ENTRIES SHOWN: Begin

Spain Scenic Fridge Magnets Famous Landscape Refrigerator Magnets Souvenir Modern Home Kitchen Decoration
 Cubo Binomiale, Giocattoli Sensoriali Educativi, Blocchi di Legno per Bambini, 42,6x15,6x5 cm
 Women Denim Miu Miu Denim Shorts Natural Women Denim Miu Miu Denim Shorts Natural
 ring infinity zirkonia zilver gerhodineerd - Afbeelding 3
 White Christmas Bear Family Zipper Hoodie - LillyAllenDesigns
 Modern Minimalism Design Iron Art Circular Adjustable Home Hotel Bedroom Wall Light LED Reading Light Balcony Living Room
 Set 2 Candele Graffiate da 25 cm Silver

ENTRIES SHOWN: End

[YOUR ASSIGNMENT]
Write out only what runs from the line holding "Cubo Binomiale, Giocattoli" through the last line of the records, exactly as shown.

[WRITTEN SOLUTION]
 Cubo Binomiale, Giocattoli Sensoriali Educativi, Blocchi di Legno per Bambini, 42,6x15,6x5 cm
 Women Denim Miu Miu Denim Shorts Natural Women Denim Miu Miu Denim Shorts Natural
 ring infinity zirkonia zilver gerhodineerd - Afbeelding 3
 White Christmas Bear Family Zipper Hoodie - LillyAllenDesigns
 Modern Minimalism Design Iron Art Circular Adjustable Home Hotel Bedroom Wall Light LED Reading Light Balcony Living Room
 Set 2 Candele Graffiate da 25 cm Silver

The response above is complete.